__Aim of the task__:
Your answer should repeat the entries in full, exactly as given, with no pictures.

__Entries shown__:
==*==
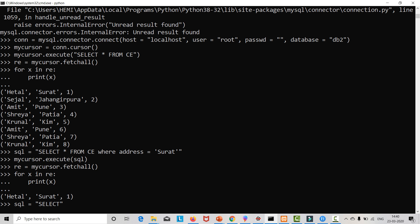Let's see an example. sql = 'SELECT * FROM ce WHERE address LIKE %im%'. This means whichever particular address contains 'im', that particular attribute will be returned to us.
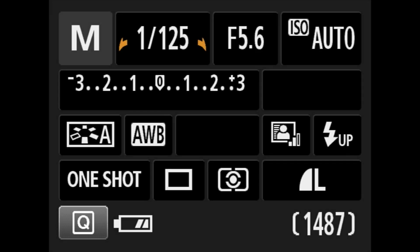Let me show you how to do the settings on your camera. I'm going to be recording directly from the camera so you can see exactly what's visible on the screen. This is the camera as it comes out — I've put it on the M manual mode on the top of the camera.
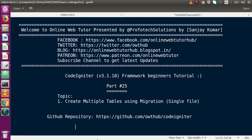Hello guys, welcome to Online Web Tutor presented by Pro-Fotex Solutions team. I am Sanjay. We are learning CodeIgniter framework beginner tutorial and this is part number 25. Inside this video session we are going to create multiple tables using migration using a single file. If you're a beginner to the channel, please don't forget to subscribe and keep watching our previous video sessions. In our previous video session, part number 24, we discussed about the basic concept of migration.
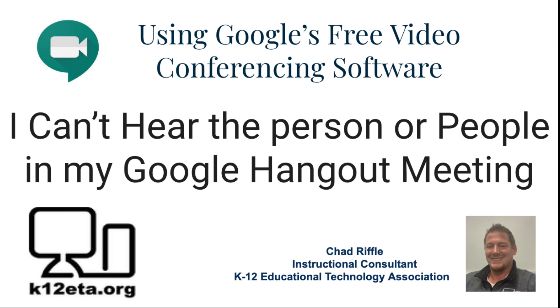Thank you for watching this video, and if you have any questions or issues, you can always contact me, Chad Riffle, at criffle at k12eta.org. Thank you.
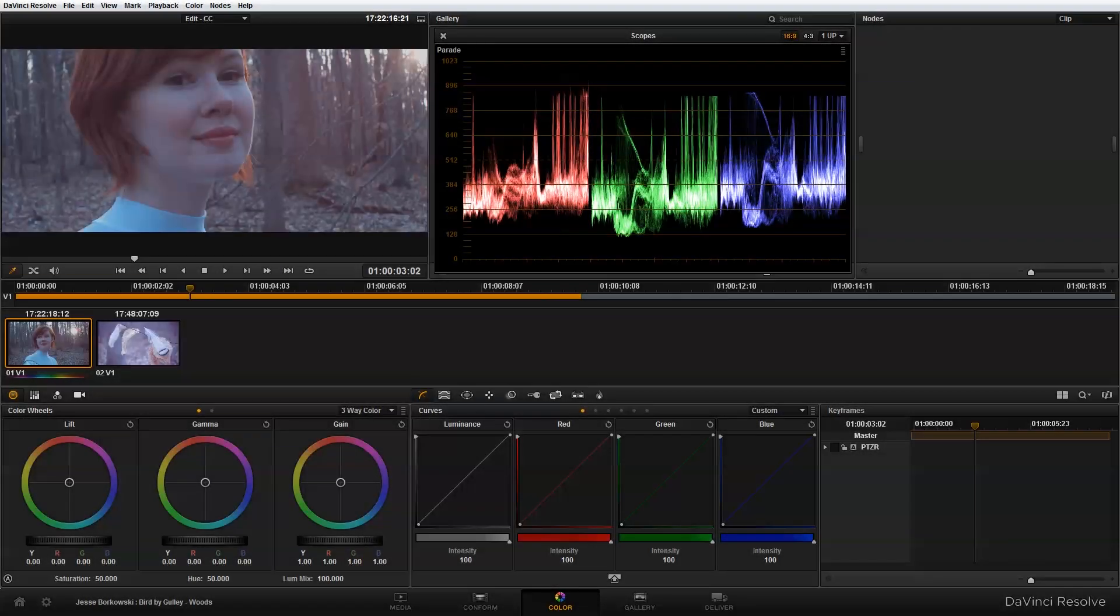Now that we have our project set up, the next thing we want to do is apply our primary color correction and also resize our image. I'm going to do that in our first node.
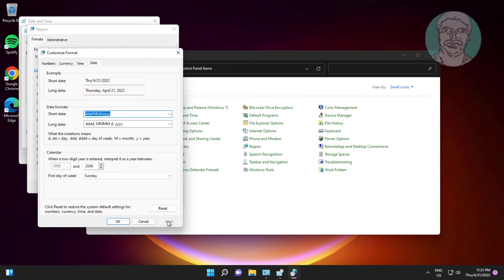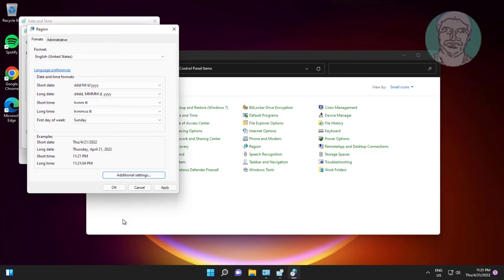Click Apply, click OK, click Apply, click OK, and click OK to confirm all dialog boxes.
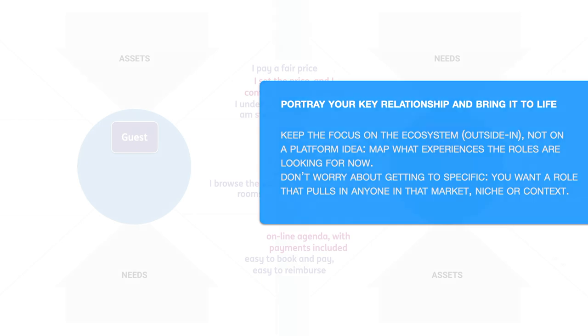Keep the focus on the ecosystem, not on the platform idea. Map what experiences the roles are looking for now. Don't worry about getting too specific. You want a role that pulls in anyone in that market, niche or context.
==*==
__Completed task__:
Let's see an example. sql = 'SELECT * FROM ce WHERE address LIKE %im%'. This means whichever particular address contains 'im', that particular attribute will be returned to us.
Let me show you how to do the settings on your camera. I'm going to be recording directly from the camera so you can see exactly what's visible on the screen. This is the camera as it comes out — I've put it on the M manual mode on the top of the camera.
Hello guys, welcome to Online Web Tutor presented by Pro-Fotex Solutions team. I am Sanjay. We are learning CodeIgniter framework beginner tutorial and this is part number 25. Inside this video session we are going to create multiple tables using migration using a single file. If you're a beginner to the channel, please don't forget to subscribe and keep watching our previous video sessions. In our previous video session, part number 24, we discussed about the basic concept of migration.
Thank you for watching this video, and if you have any questions or issues, you can always contact me, Chad Riffle, at criffle at k12eta.org. Thank you.
Now that we have our project set up, the next thing we want to do is apply our primary color correction and also resize our image. I'm going to do that in our first node.
Click Apply, click OK, click Apply, click OK, and click OK to confirm all dialog boxes.
Keep the focus on the ecosystem, not on the platform idea. Map what experiences the roles are looking for now. Don't worry about getting too specific. You want a role that pulls in anyone in that market, niche or context.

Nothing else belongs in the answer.